**Data under study**
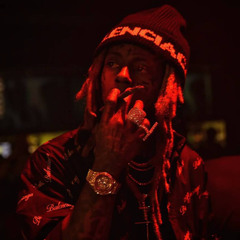 POP DA TRUNK (Peanutz 2 N Elephant) pt.2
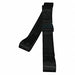 Strap Black 5 ft L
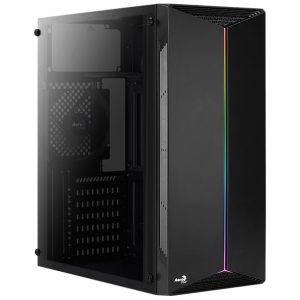 c5f5ad28f3fe99eca5058c8b7a492859.jpg Obudowa AeroCool SPLIT RGB MID TOWER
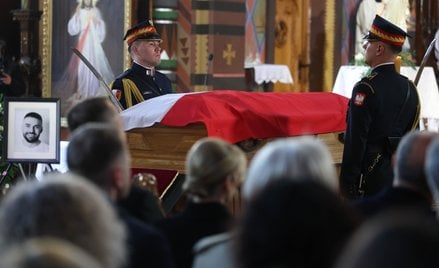Fotografka żąda pieniędzy za zdjęcie Litewki. Prawnik: Sąd zadośćuczynienia nie zasądzi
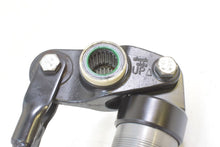 Load image into Gallery viewer, 2015 Indian Chief Vintage Rear Fox Shock Suspension Damper 1543202 1543840 | Mototech271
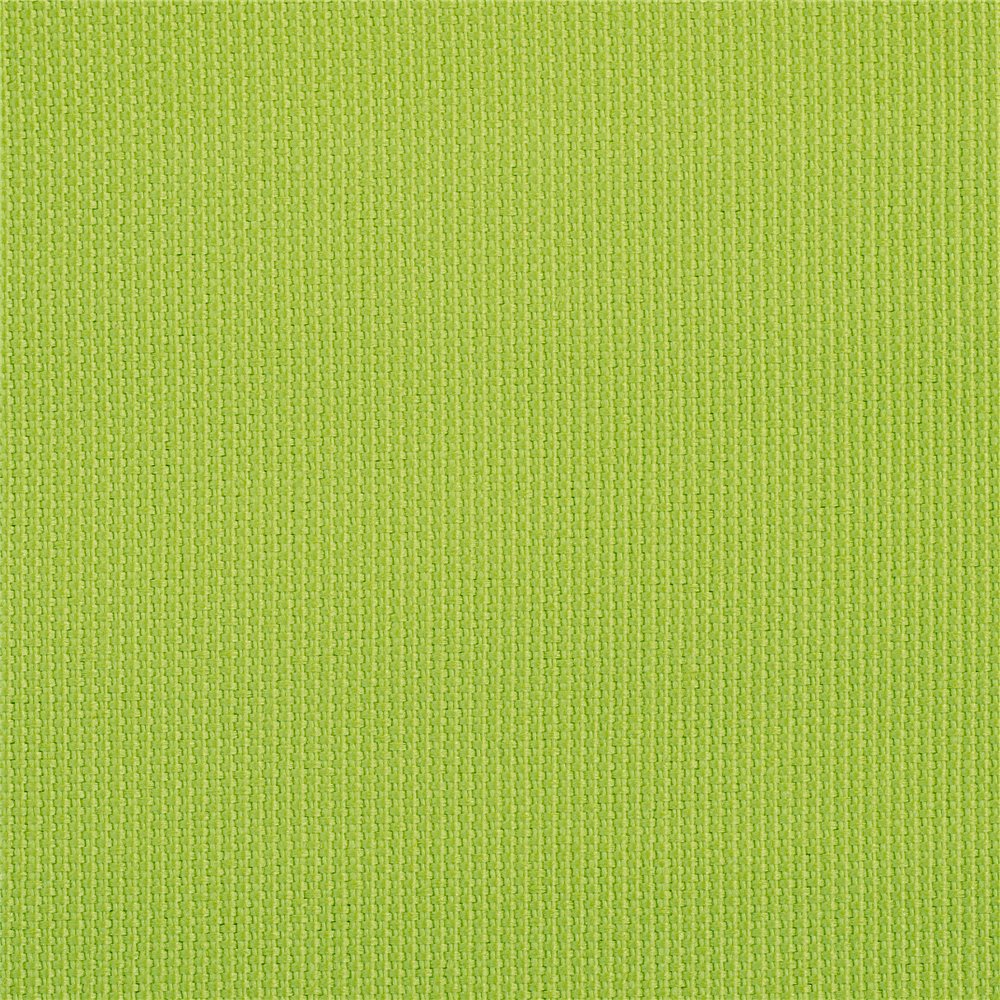 Tessuto Panama Tolosa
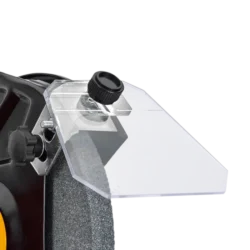 ESMERILADORA 450 W 200 MM VITO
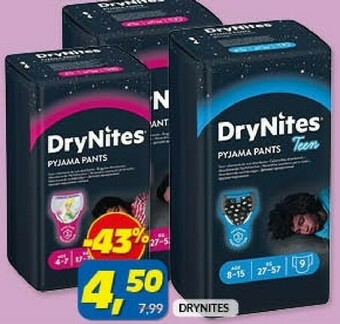 Risparmio Casa Pannolini offerta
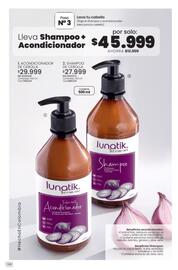 Catálogo Marketing Personal Página 204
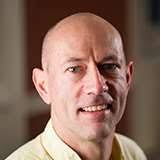 Professor Robert Wintermute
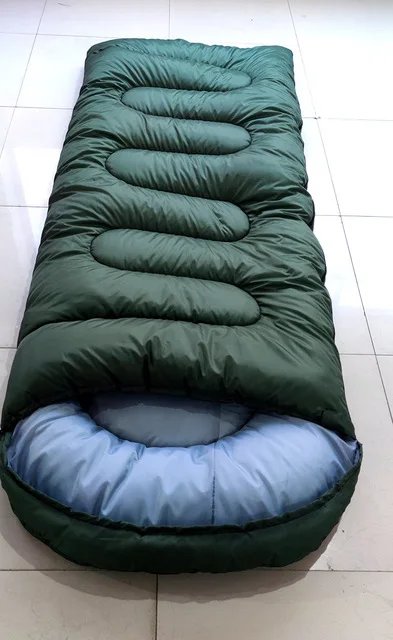 3kg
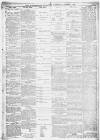 Huddersfield and Holmfirth Examiner Saturday 03 August 1889 Page 5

**Exercise goal**
Could you print all of the entries above exactly as written, minus the pictures?

**Answer section**
 POP DA TRUNK (Peanutz 2 N Elephant) pt.2
 Strap Black 5 ft L
 c5f5ad28f3fe99eca5058c8b7a492859.jpg Obudowa AeroCool SPLIT RGB MID TOWER
Fotografka żąda pieniędzy za zdjęcie Litewki. Prawnik: Sąd zadośćuczynienia nie zasądzi
 Load image into Gallery viewer, 2015 Indian Chief Vintage Rear Fox Shock Suspension Damper 1543202 1543840 | Mototech271
 Tessuto Panama Tolosa
 ESMERILADORA 450 W 200 MM VITO
 Risparmio Casa Pannolini offerta
 Catálogo Marketing Personal Página 204
 Professor Robert Wintermute
 3kg
 Huddersfield and Holmfirth Examiner Saturday 03 August 1889 Page 5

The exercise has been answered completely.